A competência para converter conhecimento em vantagem competitiva é um diferencial significativo num ambiente marcado pela constante diminuição do ciclo de vida dos produtos e pela crescente demanda de investimentos em pesquisa, desenvolvimento e engenharia (P,D&E) e da necessidade de modernização dos meios de produção e comercialização. O capital intelectual é a base para os novos negócios e o  desafio dos países é estabelecer suas prioridades e definir as estratégias mais adequadas para estimular o processo inovador. Isto requer a adoção, por parte do poder público e da iniciativa privada, de mecanismos de incentivo e financiamento para a incorporação de novos conhecimentos relacionados com a geração de negócios e para o surgimento de idéias e de projetos inovadores, com apoio efetivo ao seu desenvolvimento .  

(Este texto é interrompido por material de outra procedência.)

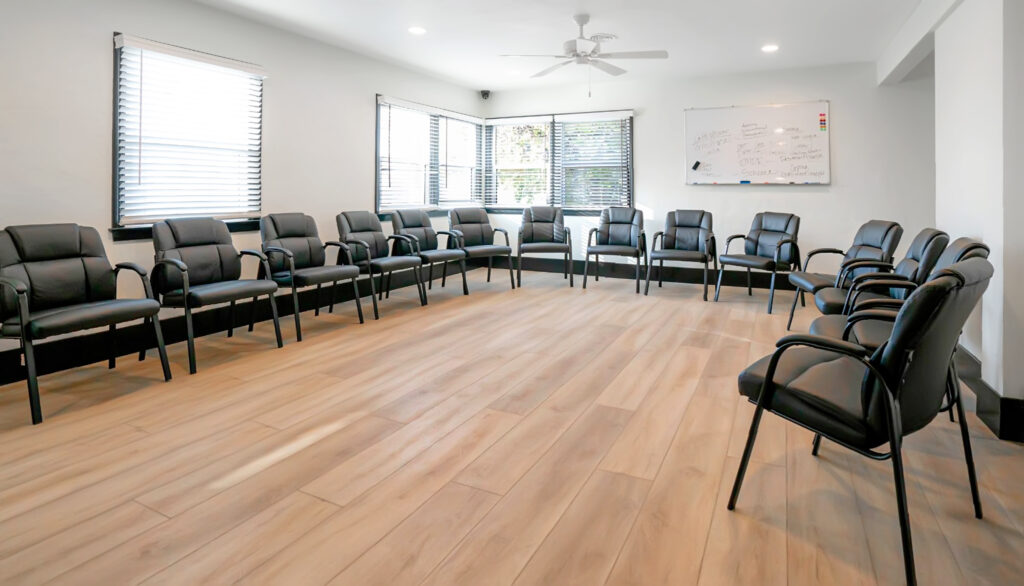 New Life Recovery outpatient drug rehab program in Fresno providing flexible addiction treatment while living at home.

De acordo com o previsto no Livro Verde (Socinfo, p.6-7), a execução do programa para construção da sociedade da informação no Brasil pressupõe ao compartilhamento de responsabilidade entre os três setores: governo, iniciativa privada e sociedade civil, cabendo às universidades papel importante no êxito do programa pelo seu envolvimento na formação de recursos humanos e na construção da indispensável base científico-tecnológica. Além disso, o programa prevê a promoção de projetos de P&D aplicados a tecnologias estratégicas nas universidades e no setor produtivo e a concepção e indução de mecanismos de produção e difusão de conteúdos artísticos, culturais, históricos, científicos e tecnológicos. Questão ética do novo paradigma que não foi suficientemente discutida, segundo Werthein (2000), diz respeito ao aprofundamento das desigualdades sociais em decorrência das dificuldades do acesso à informação, o que cria novos desafios para os atores do processo de inovação.

Para Weinberg ( 1961, citado em González de Gómez , 2003)  há dois movimentos constantes na produção do conhecimento: um caracterizado pela tendência à especialização; outro pela tendência à conectividade, buscando estabelecimento de pontos de contato entre as especialidades. Esta dicotomia se faz presente também no acesso às fontes de informação: o pesquisador teria tendência a desenvolver sua pesquisa em área no qual tem controle da informação, enquanto que os tecnólogos buscariam maior conectividade de múltiplos saberes e competências. Nesse sentido, o acesso transdisciplinar à informação seria um problema mais premente em áreas tecnológicas e de engenharia que nas áreas de pesquisa dita básica. Por outro lado, “ao mesmo tempo em que os pesquisadores desenvolvem especialidades cada vez mais estreitas e seletivas, o desenvolvimento da produtividade científica demanda figuras de maior interconexão entre as áreas do conhecimento, sendo as possibilidades de relação incrementadas pela constante expansão dos espaços textuais e temáticos, oferecidos pela literatura científica” (González de Gómez , 2003. p.7-8).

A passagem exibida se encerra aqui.